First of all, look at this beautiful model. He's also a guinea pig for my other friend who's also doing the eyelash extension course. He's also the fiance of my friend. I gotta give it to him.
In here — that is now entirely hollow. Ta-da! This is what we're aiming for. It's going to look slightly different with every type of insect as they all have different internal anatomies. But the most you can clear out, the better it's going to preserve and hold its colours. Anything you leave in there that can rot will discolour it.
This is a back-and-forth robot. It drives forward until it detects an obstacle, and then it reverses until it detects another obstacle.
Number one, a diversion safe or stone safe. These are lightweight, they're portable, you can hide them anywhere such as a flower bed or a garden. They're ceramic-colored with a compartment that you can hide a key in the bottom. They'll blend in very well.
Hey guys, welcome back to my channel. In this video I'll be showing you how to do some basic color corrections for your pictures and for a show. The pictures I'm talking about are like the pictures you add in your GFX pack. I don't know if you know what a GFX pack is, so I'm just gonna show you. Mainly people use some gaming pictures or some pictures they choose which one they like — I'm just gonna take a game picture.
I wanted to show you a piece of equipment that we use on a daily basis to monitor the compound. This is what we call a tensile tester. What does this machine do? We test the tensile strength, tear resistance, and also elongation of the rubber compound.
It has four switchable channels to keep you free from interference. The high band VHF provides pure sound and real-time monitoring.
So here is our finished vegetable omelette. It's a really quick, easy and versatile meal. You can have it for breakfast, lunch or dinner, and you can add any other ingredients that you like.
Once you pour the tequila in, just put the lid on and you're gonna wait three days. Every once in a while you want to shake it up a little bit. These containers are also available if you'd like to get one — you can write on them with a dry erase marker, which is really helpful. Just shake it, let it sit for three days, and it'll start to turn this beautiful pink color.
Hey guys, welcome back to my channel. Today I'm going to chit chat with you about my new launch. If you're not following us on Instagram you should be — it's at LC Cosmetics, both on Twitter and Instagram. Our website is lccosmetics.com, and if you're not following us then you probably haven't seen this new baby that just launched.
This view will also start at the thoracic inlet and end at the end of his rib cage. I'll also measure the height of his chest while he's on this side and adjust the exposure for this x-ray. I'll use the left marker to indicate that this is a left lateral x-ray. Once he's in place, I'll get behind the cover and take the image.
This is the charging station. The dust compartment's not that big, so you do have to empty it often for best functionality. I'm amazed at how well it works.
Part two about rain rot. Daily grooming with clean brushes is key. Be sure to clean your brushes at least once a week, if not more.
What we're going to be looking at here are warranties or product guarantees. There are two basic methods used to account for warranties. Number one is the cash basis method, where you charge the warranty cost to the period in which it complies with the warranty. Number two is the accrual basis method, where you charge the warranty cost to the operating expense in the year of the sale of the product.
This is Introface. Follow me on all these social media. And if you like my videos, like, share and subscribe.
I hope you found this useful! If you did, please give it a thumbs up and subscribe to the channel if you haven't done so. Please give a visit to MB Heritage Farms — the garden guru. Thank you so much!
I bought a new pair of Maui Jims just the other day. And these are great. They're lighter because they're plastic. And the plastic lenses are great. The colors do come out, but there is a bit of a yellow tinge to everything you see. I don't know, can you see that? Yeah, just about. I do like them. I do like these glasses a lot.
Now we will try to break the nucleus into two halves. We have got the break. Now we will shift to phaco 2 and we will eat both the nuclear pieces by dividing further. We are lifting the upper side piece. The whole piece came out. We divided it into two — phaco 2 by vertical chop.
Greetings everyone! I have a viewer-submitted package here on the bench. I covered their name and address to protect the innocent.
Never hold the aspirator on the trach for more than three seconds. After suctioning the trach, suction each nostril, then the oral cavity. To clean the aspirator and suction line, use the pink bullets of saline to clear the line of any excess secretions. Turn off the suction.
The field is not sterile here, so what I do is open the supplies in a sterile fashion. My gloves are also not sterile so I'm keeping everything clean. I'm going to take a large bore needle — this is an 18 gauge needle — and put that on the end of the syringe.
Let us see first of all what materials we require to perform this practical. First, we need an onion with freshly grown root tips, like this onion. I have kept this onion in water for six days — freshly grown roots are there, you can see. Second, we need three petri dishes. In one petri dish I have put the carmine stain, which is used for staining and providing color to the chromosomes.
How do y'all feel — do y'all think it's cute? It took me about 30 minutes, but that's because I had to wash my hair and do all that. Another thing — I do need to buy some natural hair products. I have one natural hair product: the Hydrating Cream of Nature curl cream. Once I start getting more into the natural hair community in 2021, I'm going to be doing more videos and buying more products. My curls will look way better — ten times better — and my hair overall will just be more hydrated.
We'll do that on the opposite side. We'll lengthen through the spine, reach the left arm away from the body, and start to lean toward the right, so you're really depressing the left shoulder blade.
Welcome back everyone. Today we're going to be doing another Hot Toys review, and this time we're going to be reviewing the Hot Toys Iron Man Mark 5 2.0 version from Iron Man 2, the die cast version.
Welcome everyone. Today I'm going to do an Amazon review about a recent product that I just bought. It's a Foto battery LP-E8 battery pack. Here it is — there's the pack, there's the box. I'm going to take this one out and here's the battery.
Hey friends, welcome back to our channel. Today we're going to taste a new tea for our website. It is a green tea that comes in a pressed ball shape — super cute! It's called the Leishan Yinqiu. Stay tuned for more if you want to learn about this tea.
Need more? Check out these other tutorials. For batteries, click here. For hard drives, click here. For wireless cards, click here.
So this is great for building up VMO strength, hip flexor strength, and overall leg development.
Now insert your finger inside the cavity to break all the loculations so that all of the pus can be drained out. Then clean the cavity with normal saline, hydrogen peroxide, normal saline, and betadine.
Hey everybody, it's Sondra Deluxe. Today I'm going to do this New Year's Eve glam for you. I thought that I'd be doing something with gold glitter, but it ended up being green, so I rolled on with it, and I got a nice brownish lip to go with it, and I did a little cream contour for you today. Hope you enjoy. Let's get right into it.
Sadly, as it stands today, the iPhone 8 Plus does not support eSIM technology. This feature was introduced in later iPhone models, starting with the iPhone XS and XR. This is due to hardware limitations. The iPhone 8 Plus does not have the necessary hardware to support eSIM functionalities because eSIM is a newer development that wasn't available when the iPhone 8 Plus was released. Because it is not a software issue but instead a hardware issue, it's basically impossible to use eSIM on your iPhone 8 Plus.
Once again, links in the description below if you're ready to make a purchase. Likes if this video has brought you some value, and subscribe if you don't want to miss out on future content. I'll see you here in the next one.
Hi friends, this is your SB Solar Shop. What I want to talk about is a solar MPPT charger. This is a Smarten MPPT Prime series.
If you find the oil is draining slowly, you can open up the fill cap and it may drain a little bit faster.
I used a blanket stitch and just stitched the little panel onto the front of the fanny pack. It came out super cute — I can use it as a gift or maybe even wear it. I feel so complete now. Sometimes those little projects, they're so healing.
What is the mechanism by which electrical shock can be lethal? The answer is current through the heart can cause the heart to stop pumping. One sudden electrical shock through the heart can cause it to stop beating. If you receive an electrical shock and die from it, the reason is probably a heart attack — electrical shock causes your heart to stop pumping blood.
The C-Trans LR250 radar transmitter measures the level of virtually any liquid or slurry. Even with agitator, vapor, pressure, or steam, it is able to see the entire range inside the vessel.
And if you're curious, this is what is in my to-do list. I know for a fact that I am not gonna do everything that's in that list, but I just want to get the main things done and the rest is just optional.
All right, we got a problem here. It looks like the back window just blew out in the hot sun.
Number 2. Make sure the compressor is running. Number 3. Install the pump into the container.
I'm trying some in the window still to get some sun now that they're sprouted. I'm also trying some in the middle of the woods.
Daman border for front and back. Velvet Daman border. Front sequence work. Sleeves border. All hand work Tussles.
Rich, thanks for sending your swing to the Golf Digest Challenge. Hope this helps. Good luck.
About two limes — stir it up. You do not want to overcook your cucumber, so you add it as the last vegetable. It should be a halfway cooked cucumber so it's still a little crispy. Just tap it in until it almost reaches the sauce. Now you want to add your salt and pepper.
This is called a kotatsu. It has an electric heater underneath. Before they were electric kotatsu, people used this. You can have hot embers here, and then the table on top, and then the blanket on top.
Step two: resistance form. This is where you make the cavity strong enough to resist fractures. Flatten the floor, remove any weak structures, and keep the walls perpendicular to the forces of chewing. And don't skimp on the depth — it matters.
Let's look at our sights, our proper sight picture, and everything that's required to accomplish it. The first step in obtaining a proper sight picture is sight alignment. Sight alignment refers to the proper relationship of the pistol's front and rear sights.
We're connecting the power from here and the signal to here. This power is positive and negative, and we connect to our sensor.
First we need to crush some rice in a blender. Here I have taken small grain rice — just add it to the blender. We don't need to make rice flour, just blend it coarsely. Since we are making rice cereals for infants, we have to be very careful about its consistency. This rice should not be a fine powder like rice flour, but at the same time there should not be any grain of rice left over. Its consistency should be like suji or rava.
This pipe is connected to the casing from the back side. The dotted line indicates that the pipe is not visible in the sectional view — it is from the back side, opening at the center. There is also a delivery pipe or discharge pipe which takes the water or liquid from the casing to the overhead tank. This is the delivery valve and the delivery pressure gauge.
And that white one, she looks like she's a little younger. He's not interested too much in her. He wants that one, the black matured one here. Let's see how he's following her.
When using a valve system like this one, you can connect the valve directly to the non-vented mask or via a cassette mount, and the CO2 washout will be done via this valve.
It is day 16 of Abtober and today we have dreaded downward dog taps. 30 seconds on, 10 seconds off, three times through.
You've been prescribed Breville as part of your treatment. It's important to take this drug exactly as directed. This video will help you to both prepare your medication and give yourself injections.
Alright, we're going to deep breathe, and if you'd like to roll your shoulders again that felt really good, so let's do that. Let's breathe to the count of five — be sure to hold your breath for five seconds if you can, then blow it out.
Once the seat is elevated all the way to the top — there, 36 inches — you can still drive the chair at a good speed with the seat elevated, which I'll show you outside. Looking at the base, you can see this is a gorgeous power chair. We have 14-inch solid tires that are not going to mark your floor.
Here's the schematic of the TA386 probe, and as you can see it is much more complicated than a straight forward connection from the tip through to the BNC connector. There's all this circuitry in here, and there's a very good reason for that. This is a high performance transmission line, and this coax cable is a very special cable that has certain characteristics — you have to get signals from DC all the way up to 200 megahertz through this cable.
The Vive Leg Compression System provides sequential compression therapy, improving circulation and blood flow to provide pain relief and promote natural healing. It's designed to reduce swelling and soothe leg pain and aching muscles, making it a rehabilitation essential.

→ Task to complete
Each line in the data where the string "know" occurs should be identified and copied.

→ Exercise answer
Hey guys, welcome back to my channel. In this video I'll be showing you how to do some basic color corrections for your pictures and for a show. The pictures I'm talking about are like the pictures you add in your GFX pack. I don't know if you know what a GFX pack is, so I'm just gonna show you. Mainly people use some gaming pictures or some pictures they choose which one they like — I'm just gonna take a game picture.
I bought a new pair of Maui Jims just the other day. And these are great. They're lighter because they're plastic. And the plastic lenses are great. The colors do come out, but there is a bit of a yellow tinge to everything you see. I don't know, can you see that? Yeah, just about. I do like them. I do like these glasses a lot.
And if you're curious, this is what is in my to-do list. I know for a fact that I am not gonna do everything that's in that list, but I just want to get the main things done and the rest is just optional.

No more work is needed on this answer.